If it’s bad literary form to divide books in half simply by weight, there’s also something a little dispiriting about wrecking material objects that have been designed to be beautiful and pleasurable in service of efficiency.
The mass-production of books means that few volumes are now made of the materials such as leather or rag paper that, as a character in Antonio Perez-Reverte’s novel “The Club Dumas” put it, can “withstand both the passage of time and human stupidity.” But some books are still printed on deckle-edge paper with pleasingly heavy covers. And cover design can still produce tremendously compelling and clever works of art.

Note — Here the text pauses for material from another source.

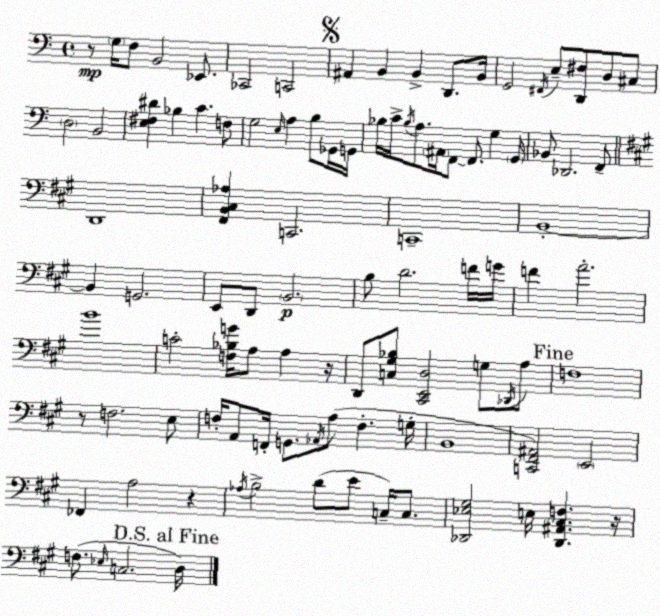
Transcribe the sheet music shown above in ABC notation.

As bookseller Josh Cook of Porter Square Books in
Cambridge, Massachusetts, writes, it’s not just any cover that can make a reader immediately see “the grandeur and core” of “The Wealth of Nations,” or “summarize (James Joyce’s ‘Ulysses,’) one of the most important, most complex and most expansive novels of the twentieth century” in just three letters and a splash of a particular shade of green.
There’s a reason that, when the young wizard Harry Potter stabs a cursed diary in J.K. Rowling’s “Harry Potter and the Chamber of Secrets,” the book seems to suffer and die. A book that’s been cut in half is a book that can’t be displayed, and that can’t very well be lent or donated. The very act of consuming a volume this way shortens its life as a physical object and as a vehicle for transmitting stories to a successive generation of readers.
Even as you are destroying a book in order to read it, that destruction is a pre-emptive announcement that your relationship with a volume is impermanent. Before you’ve even finished the book, you’re declaring that you don’t much regard it as a physical object, and foreclosing the options for how it will be used in the future, including the possibility that you might want to read it again in a different way.
And one of the great pleasures of being a voracious reader is being able to pluck a beloved volume off your shelves and deliver it into the hands of a person you just know will love it. Keeping your books whole is a way of keeping them alive.